Leverage the fun factor
If you believe some other barrier or principle should be included in the mosaic, please describe it and how it would affect the positioning of your initiative in the mosaic:
This field has not been completed
Name Your Project
Sports4Kids: Putting the Play Back In School Playgrounds
Describe Your Idea
Sports4Kids places a full-time coach at low-income schools to harness the power of play to engage children in physical activity and social development
Innovation
What is your signature innovation, your new idea, in one sentence?
Sports4Kids places a full-time coach at low-income schools to harness the power of play to engage children in physical activity and social development
Describe your innovation. What makes your idea unique and different than others doing work in the field?

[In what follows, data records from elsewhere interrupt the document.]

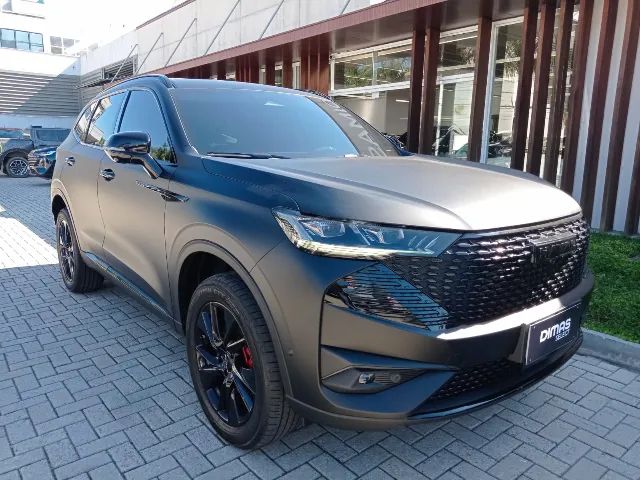 GWM Haval H6 Premium HEV 2025 - Foto 2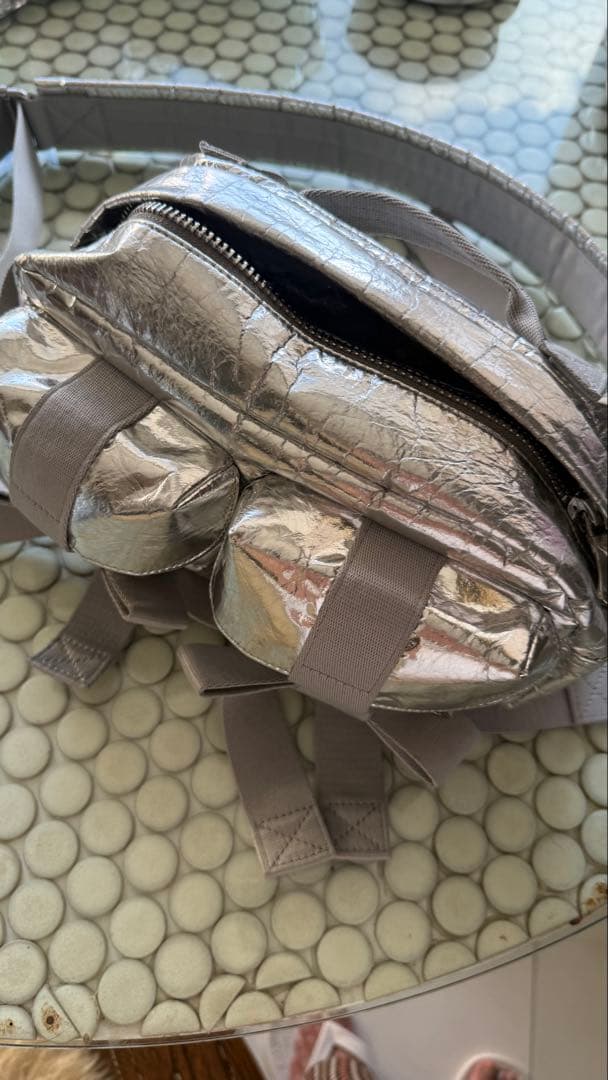 Simone Rocheボディバッグ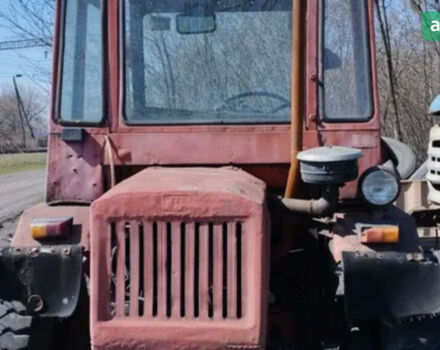 ХТЗ Т-16, об'ємом двигуна 2.08 л та пробігом 0 тис. км за 2669 $, фото 3 на Automoto.ua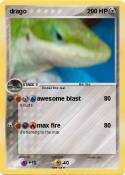 drago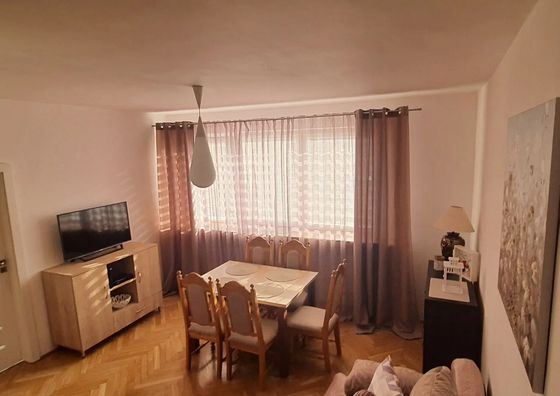 Apartament TRINI Kłodzko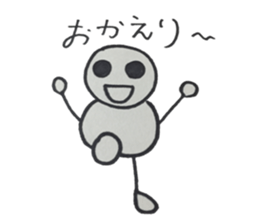 mal sticker #14271874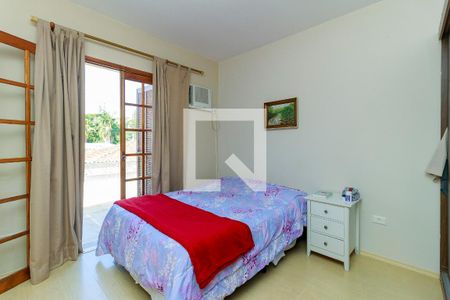 Quarto 1 de casa para alugar com 2 quartos, 131m² em Santo Amaro, São Paulo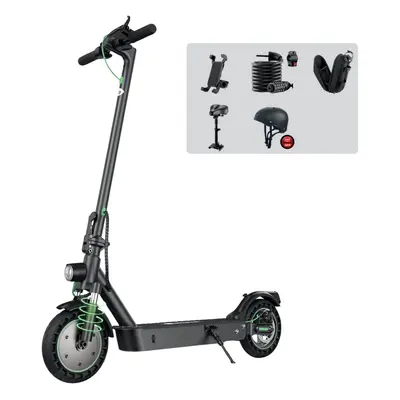 Isinwheel® S9Pro Electric Scooter For Adults 350W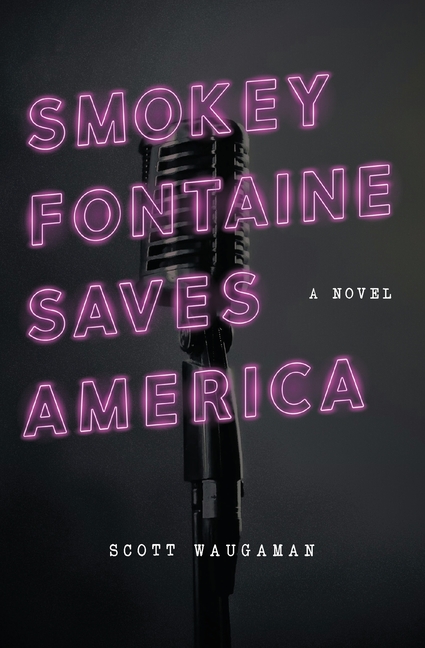 Smokey Fontaine Saves America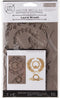 PRIMA MARKETING INC Redesign Mould 5X8 WTH, Laurel Wreath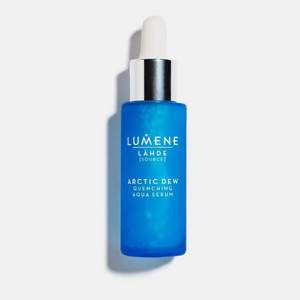 lumene 优姿婷 北极泉极地补水保湿玻尿酸精华30ml 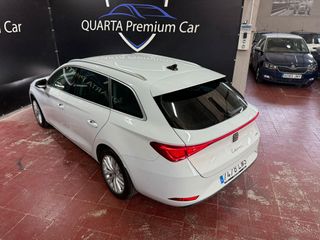 SEAT LEÓN 1.5 EHYBRID XCELLENCE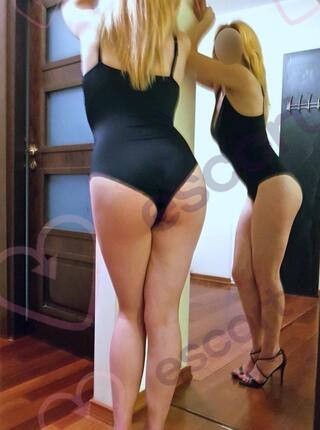 Kochanka na dluzej - escort Gdańsk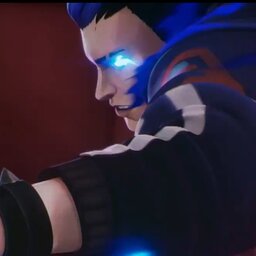 DYNAmaycry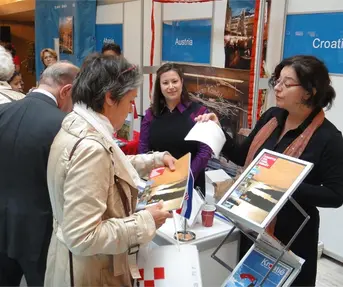 Hague international day 4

Sports4Kids uses play to address two problems faced by low-income urban children – a severe lack of opportunity for physical activity and conflict-ridden school environments - by effectively meeting a critical need for principals to have qualified staff at recess. We gain entry to schools by offering a full-time, trained person to organize and lead games at recess, a service for which principals are willing to pay nearly 50% of the annual cost. Once the Sports4Kids coach is on the playground teaching the rules to games like four-square, kickball, and double-dutch, recess is transformed from chaos to safe, organized, and active play. The presence of the coach, who arrives with a hundred games in their back pocket, effectively solves principals’ recess problem and then inspires all of the children to get involved. By combining fun games with conflict-resolution skills like rock-paper-scissors, Sports4Kids creates a positive environment on the playground that ripples into the classroom.
What are the existing barriers, the biggest problem, your innovation is hoping to address/change?
Children often come to school not knowing how to play. They haven’t had opportunities for unstructured play due to concerns about safety in their neighborhoods. This reality is exacerbated by a growing emphasis on standardized tests, effectively squeezing out time for physical activity. As a result, childhood obesity is on the rise, playgrounds have become a source of conflict and strife, and ultimately learning is compromised as teachers spend valuable class time resolving playground issues.
Delivery Model: How do you implement your innovation and apply it to the challenge/problem you are addressing?
Sports4Kids works exclusively in low-income public schools, where poor health outcomes and lagging test scores are most prevalent. At each school we place a full-time coach who implements five program components during and after the school day:
- Recess: Coaches teach games every day at recess to create a structured, safe and inclusive environment on the playground.
- Class Game Time: Coaches partner with teachers to deliver a play-based physical activity curriculum based on youth development principles and focused on basic skill development.
- Junior Coaches: Teachers identify students to participate in leadership development activities. These students become playground leaders during recess.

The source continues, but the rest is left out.